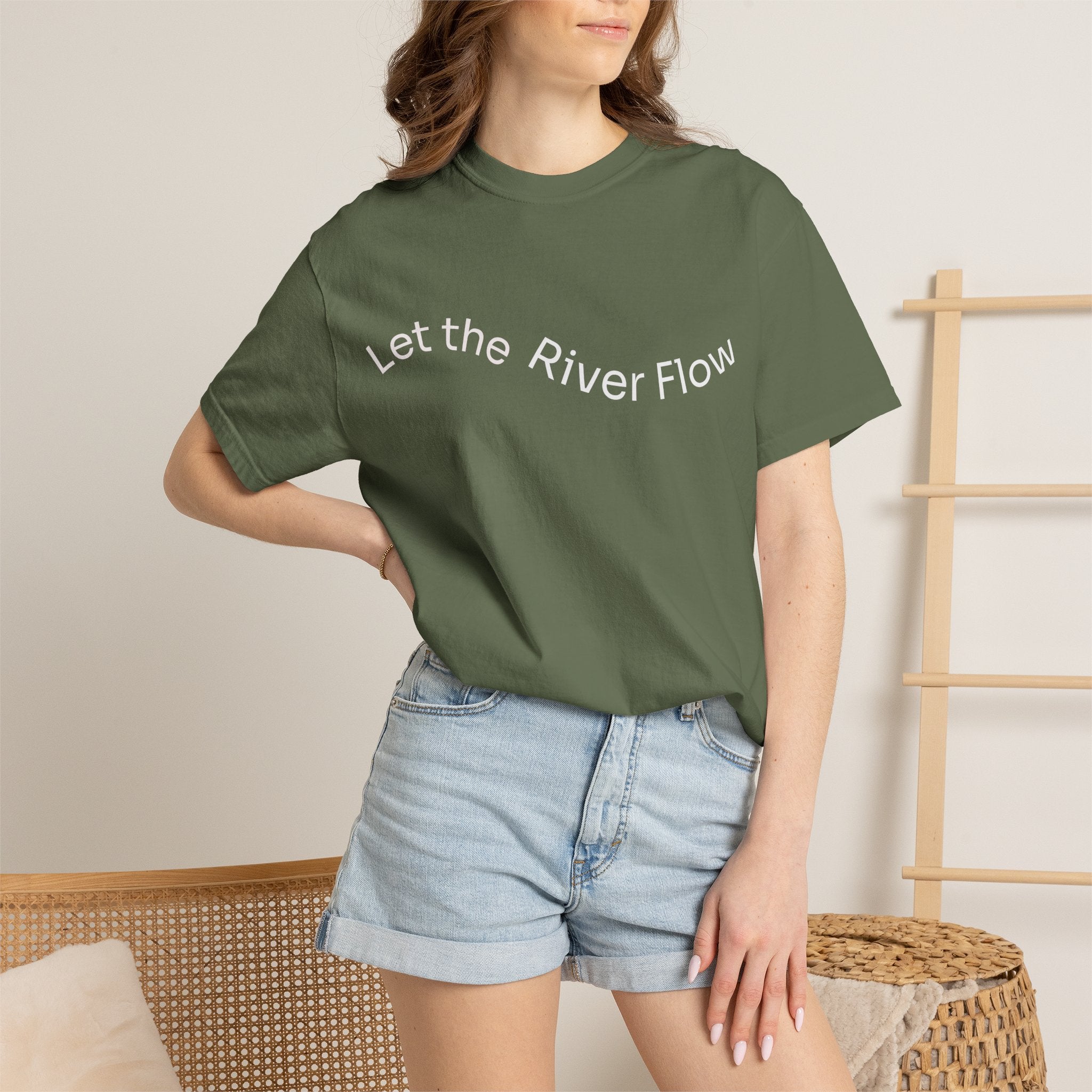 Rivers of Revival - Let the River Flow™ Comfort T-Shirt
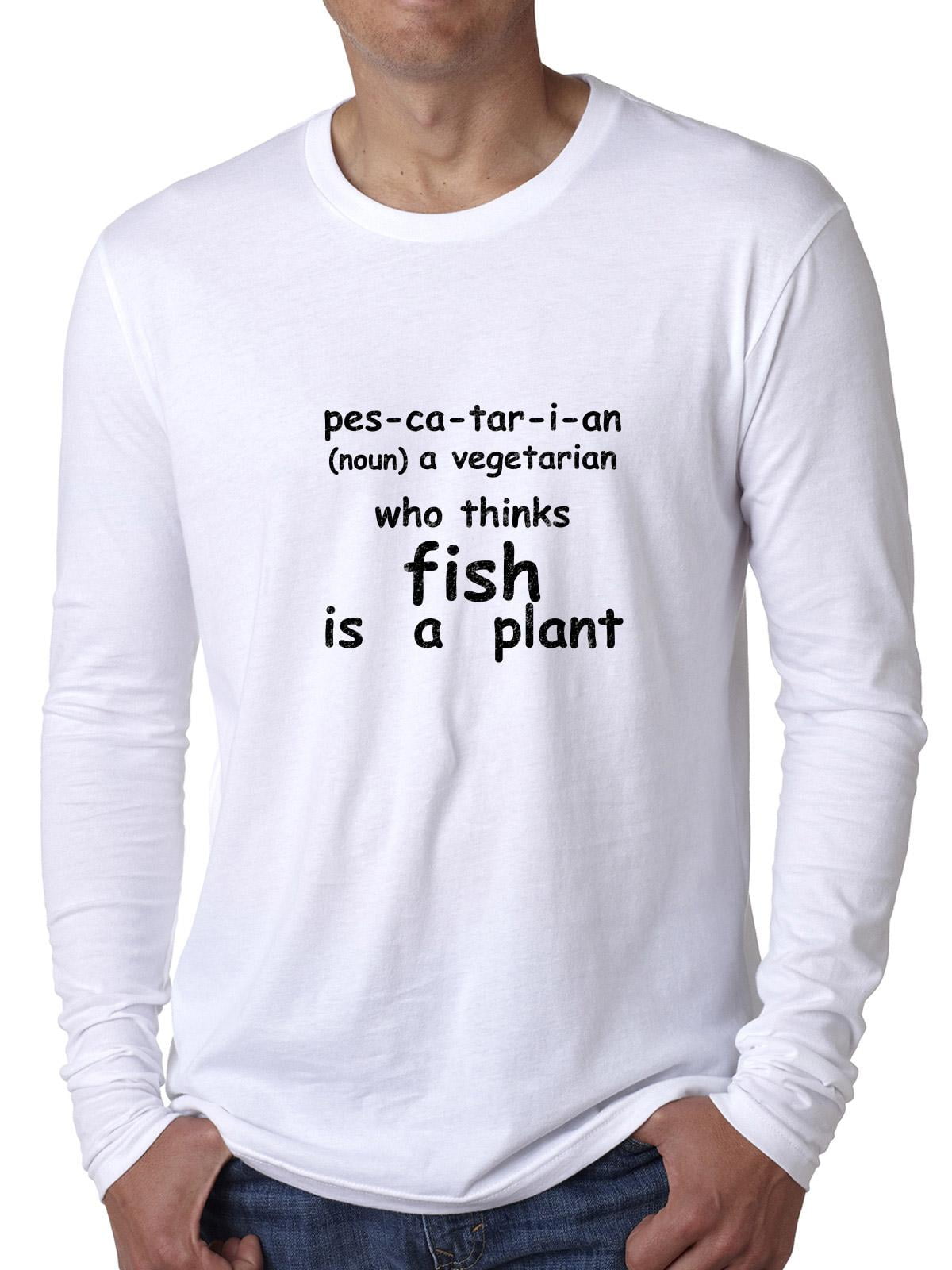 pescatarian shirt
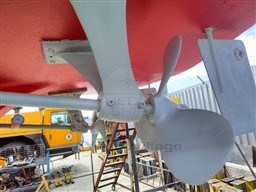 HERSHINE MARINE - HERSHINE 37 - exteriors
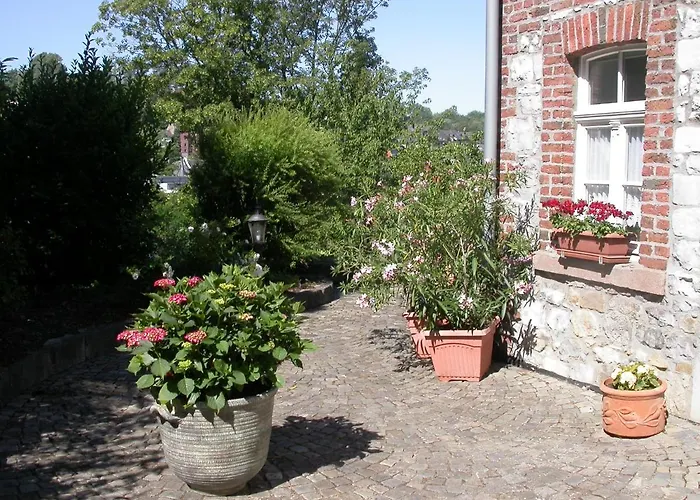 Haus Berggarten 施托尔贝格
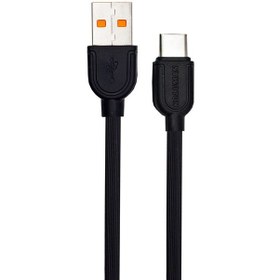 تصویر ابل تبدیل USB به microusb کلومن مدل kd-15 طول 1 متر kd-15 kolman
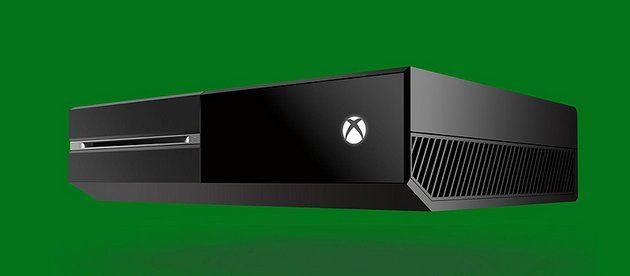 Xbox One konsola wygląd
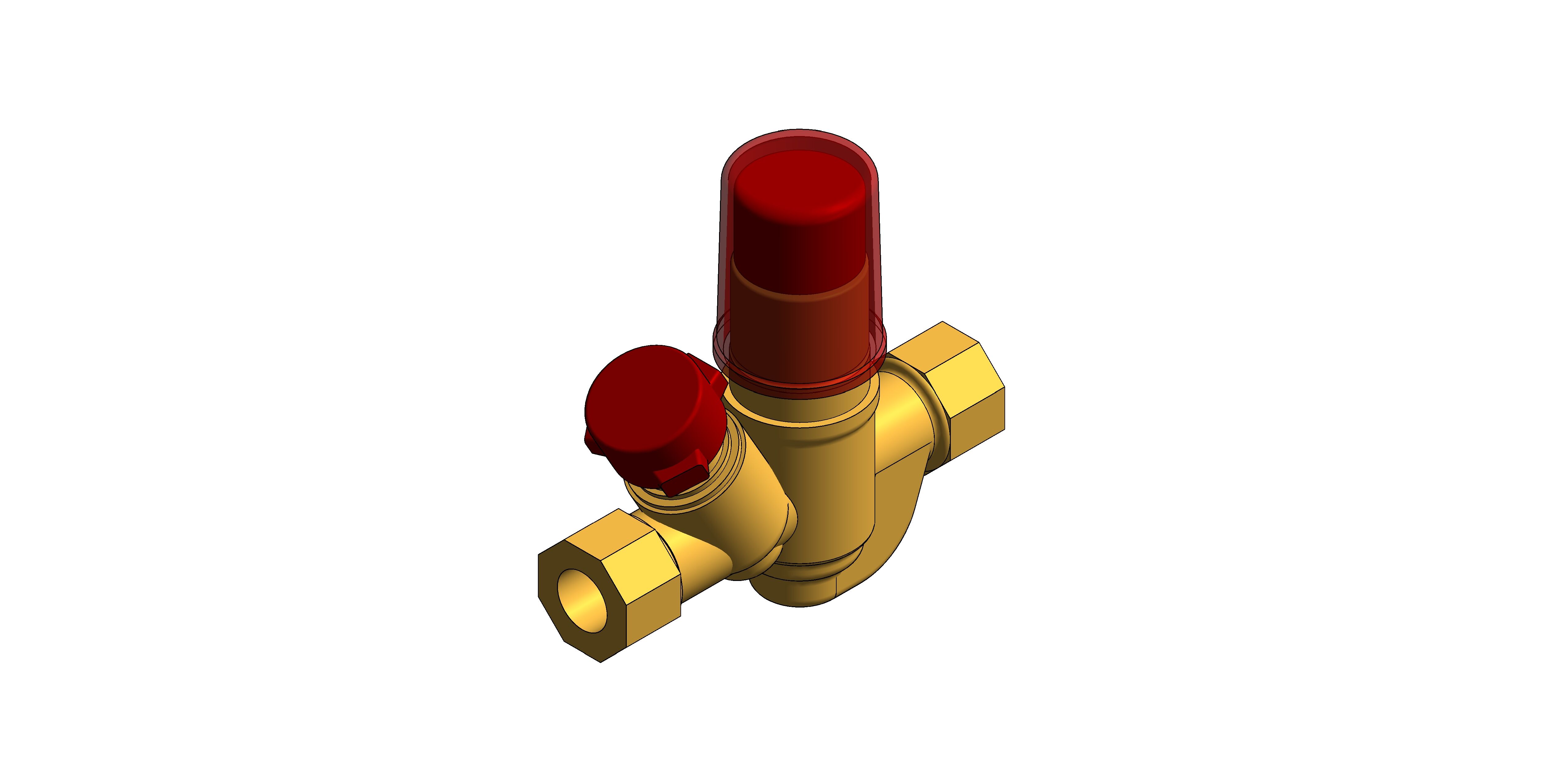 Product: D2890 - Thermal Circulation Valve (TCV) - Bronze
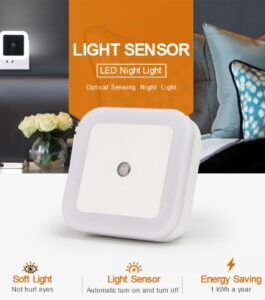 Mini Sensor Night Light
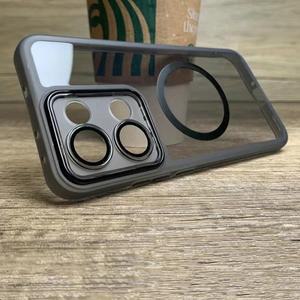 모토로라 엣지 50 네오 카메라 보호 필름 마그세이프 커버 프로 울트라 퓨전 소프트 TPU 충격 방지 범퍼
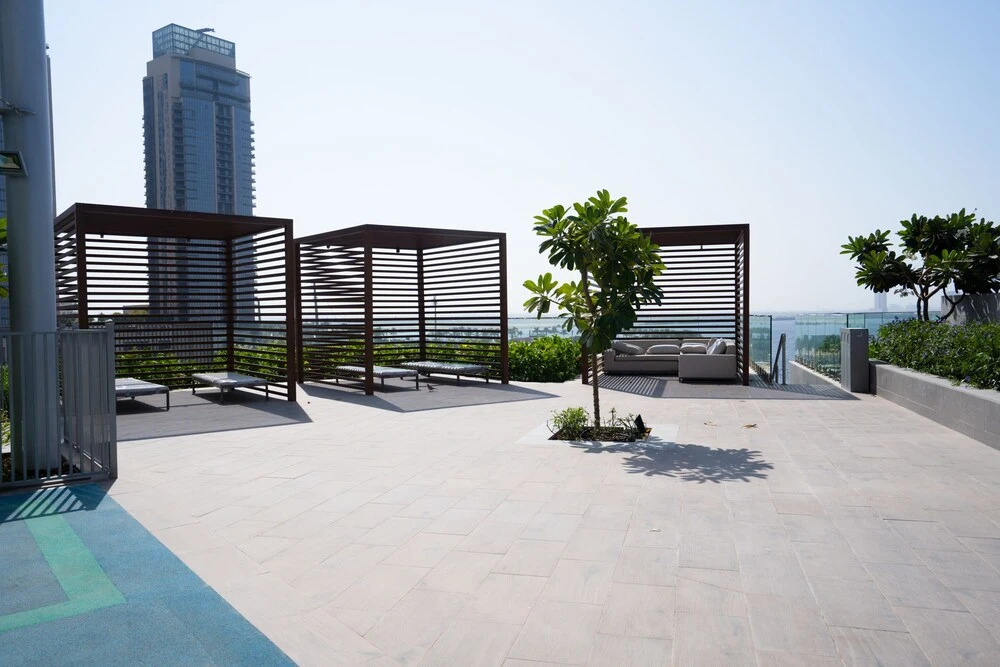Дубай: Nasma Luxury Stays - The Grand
################
Work item - Write out each entry exactly as given, but skip the pictures.

Result for this exercise -
 Rivers of Revival - Let the River Flow™ Comfort T-Shirt
 pescatarian shirt
 HERSHINE MARINE - HERSHINE 37 - exteriors
 Haus Berggarten 施托尔贝格
 تصویر ابل تبدیل USB به microusb کلومن مدل kd-15 طول 1 متر kd-15 kolman
 Xbox One konsola wygląd
 Product: D2890 - Thermal Circulation Valve (TCV) - Bronze
 Mini Sensor Night Light
 모토로라 엣지 50 네오 카메라 보호 필름 마그세이프 커버 프로 울트라 퓨전 소프트 TPU 충격 방지 범퍼
Дубай: Nasma Luxury Stays - The Grand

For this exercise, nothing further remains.